Mart ayı kızımız için (aslında her ay olduğu gibi) yepyeni ilklerle başladı ve tüm hızıyla da devam etmekte. Herşeyden önce aybaşındaki kontrolün hemen ardından “gerçek” kahvaltılara başladı ve hiç hoşlanmadı. Biraz karışık olan kahvaltı işi hiç hoşuna gitmemiş olsa da yememezlik etmiyor. (Mideye biraz düşkün de kendisi; hafif bir babaya çekmişlik var galiba)

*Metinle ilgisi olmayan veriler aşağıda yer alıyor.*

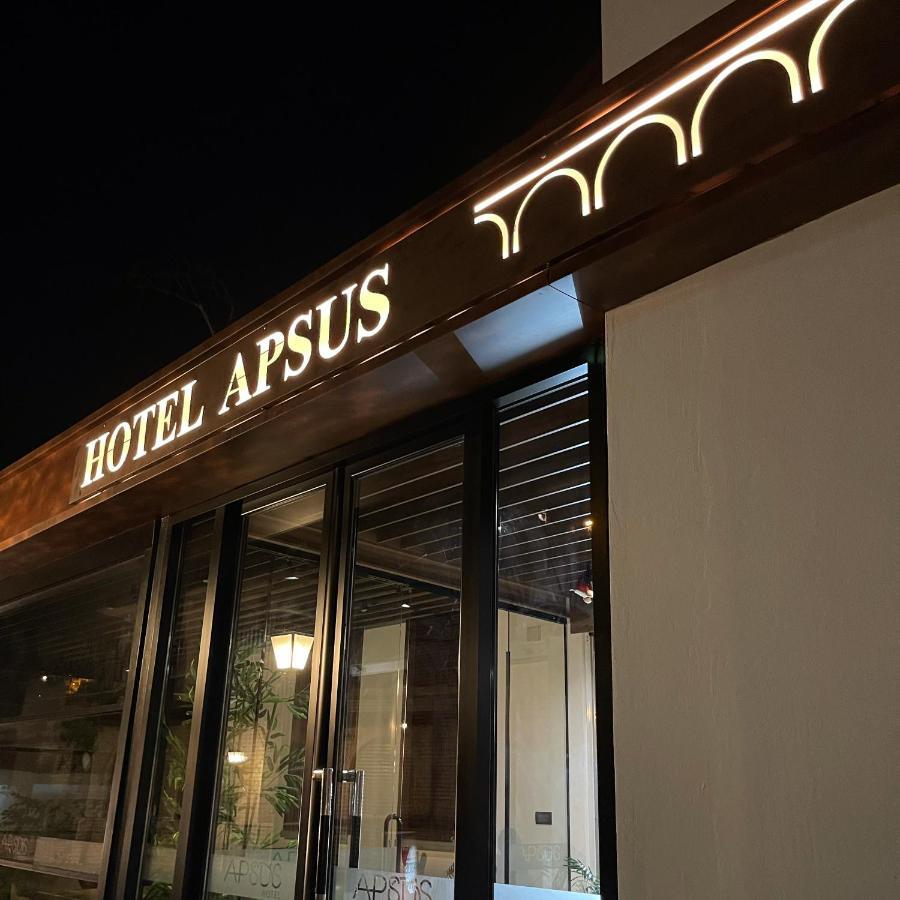Hotel Bujtina Apsus Berat Esterno foto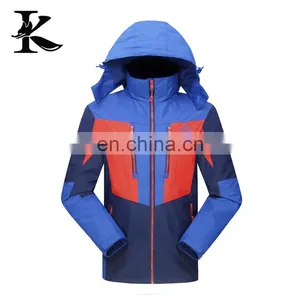 2016 Wholesale Lightweight Windbreaker Waterproof Jacket for Men thumbnail-1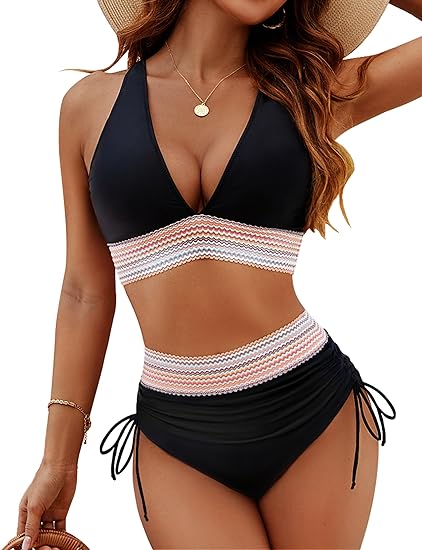 Zweiteiliges Bikini Set Für Damen | Sommer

Yine doktor kontrolünün 2-3gün ardından ilk ödev de başarıyla tamamlandı ve kızımız “aferin” ve “alkış” dendiğinde ellerini çırpar oldu. Hatta kendi kendine, elinde hiçbir şey olmadan ses çıkarmak o kadar hoşuna gitti ki gün içinde bir çok tepkisini (elbette ki başta sevinç olmak üzere) el çırparak göstermeye başladı. (Bazı sabahlar uyandığını, yan odadan gelen alkış sesinden anlayabiliyoruz artık)
Bu arada altıncı diş de çıktı, artık altta yanyana dört diş var, her an birini ısırmasını bekliyoruz. Kimseyi ısırmadan önce 12 Mart’ta masadaki tabaklara yaptığı hamlelere güvenerek kendisini bir çuprayla tanıştırdık. Bu tanışmadan en azından Zeynep memnun kaldı ve beyaz eti hapır hupur götürdü. Artık haşlanmış balık etini çorbalarına da karıştırıyoruz.
13 Mart, kızımızın ilk vesikalık fotograflarının çekilmesiyle tarihe geçti. Daha önce fotografçı önünden gecerken babasının “hadi cektirelim” teklifini “ne gerek var” diye geri ceviren annesi, kendine vesikalık çektirirken kızının fotograflarını da cektirince bakıp bakıp gülmemeize sebep olan “açıların çocuğu” pozları ortaya çıkmış oldu. (Büyük vrsiyonları için yandaki fotografların üzerine tıklayabilirsiniz)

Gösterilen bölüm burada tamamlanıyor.